YOUR OBJECTIVE:
The answer should hold only the lines from the one that contains "精神保健福祉士完全合格テキス" through the last line of the material, repeated exactly, without pictures.

SUPPLIED INFORMATION:

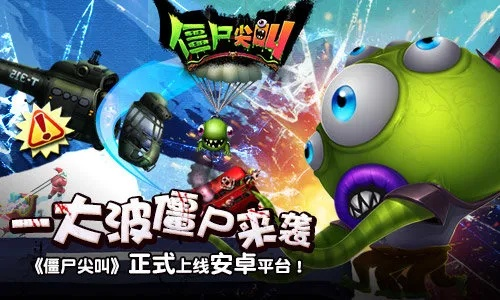 僵尸尖叫 官方下载或gp7激活码,精细解读解析|粉丝款_v9.807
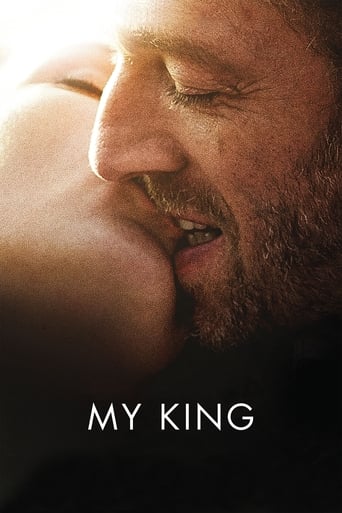 My King 2015 (پادشاه من)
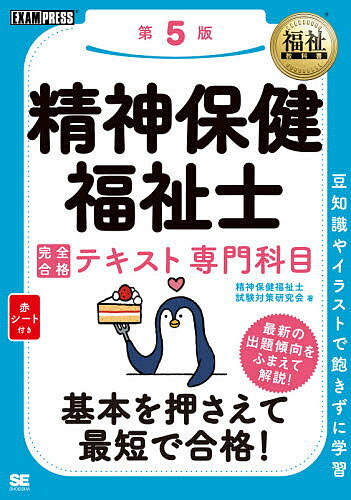 精神保健福祉士完全合格テキスト専門科目／精神保健福祉士試験対策研究会【3000円以上送料無料】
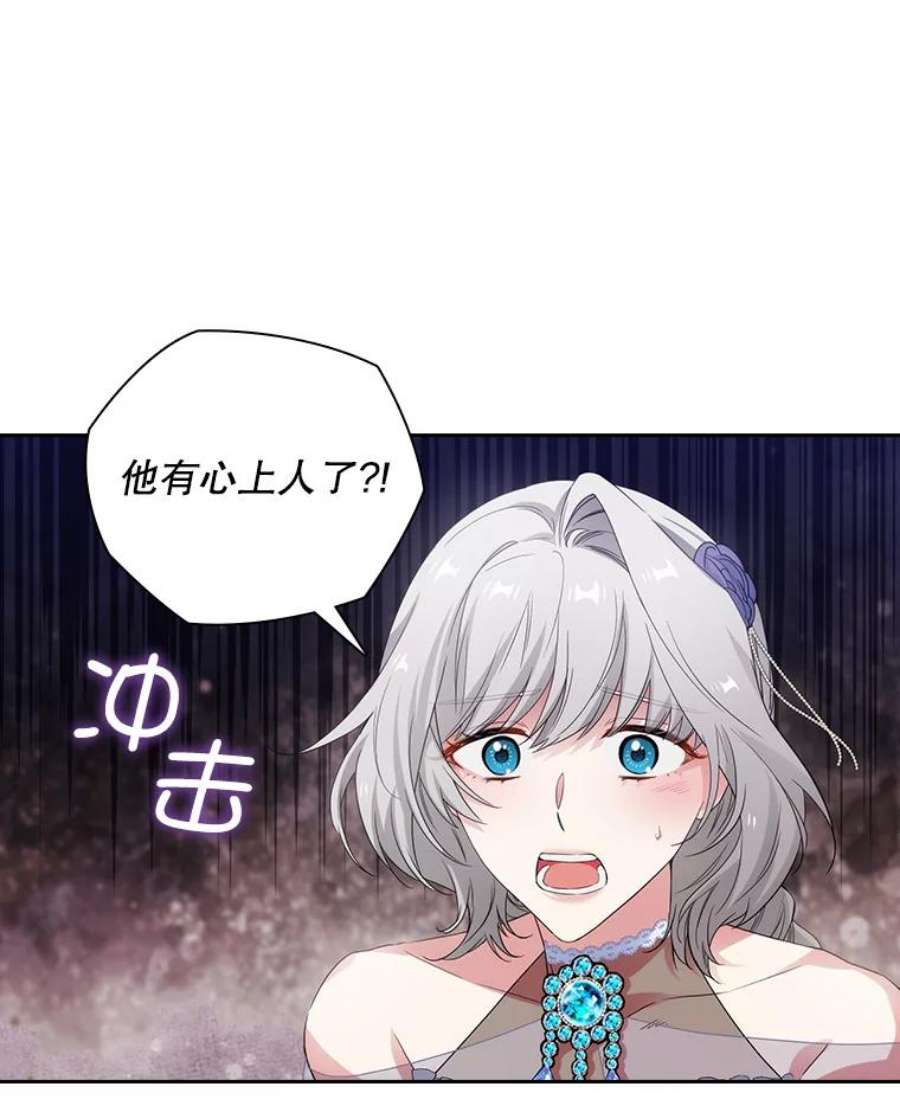 阿多尼斯187.怀疑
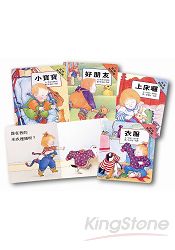 小寶寶翻翻書(上床囉+好朋友+衣服+小寶寶共四冊)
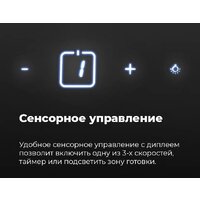 Кухонная вытяжка MAUNFELD Sky Star Chef 60 (бежевый) - Превью изображения №29 — Интернет-магазин Time-Shop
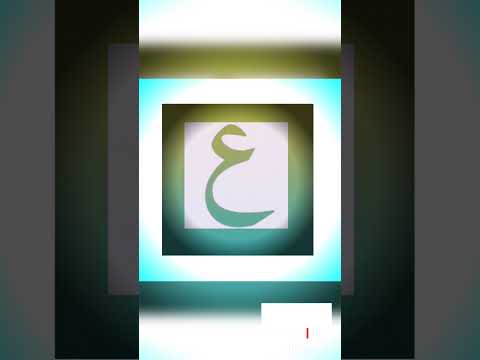 How To Pronounce Arabic Letter ع Ayn|Learn Noorani Qaida With Tajweed|Letter ع Ayn|Islamic|Quran|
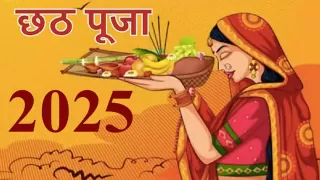 Chhath Puja 2025 Date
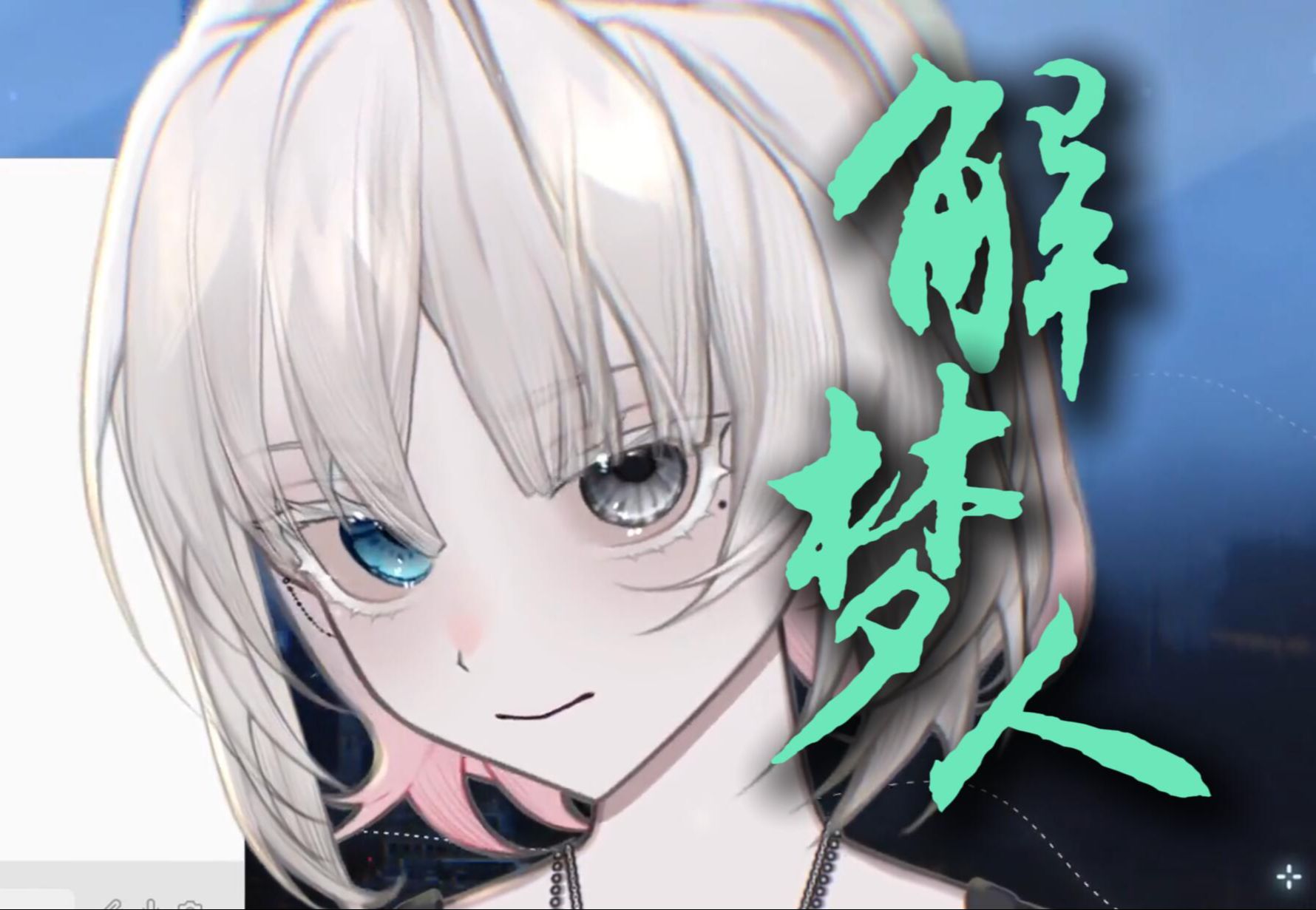 【法里达】《解梦人》新纯享版!!!哔哩哔哩bilibili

RESPONSE TO THIS EXERCISE:
 精神保健福祉士完全合格テキスト専門科目／精神保健福祉士試験対策研究会【3000円以上送料無料】
 阿多尼斯187.怀疑
 小寶寶翻翻書(上床囉+好朋友+衣服+小寶寶共四冊)
 Кухонная вытяжка MAUNFELD Sky Star Chef 60 (бежевый) - Превью изображения №29 — Интернет-магазин Time-Shop
 How To Pronounce Arabic Letter ع Ayn|Learn Noorani Qaida With Tajweed|Letter ع Ayn|Islamic|Quran|
 Chhath Puja 2025 Date
 【法里达】《解梦人》新纯享版!!!哔哩哔哩bilibili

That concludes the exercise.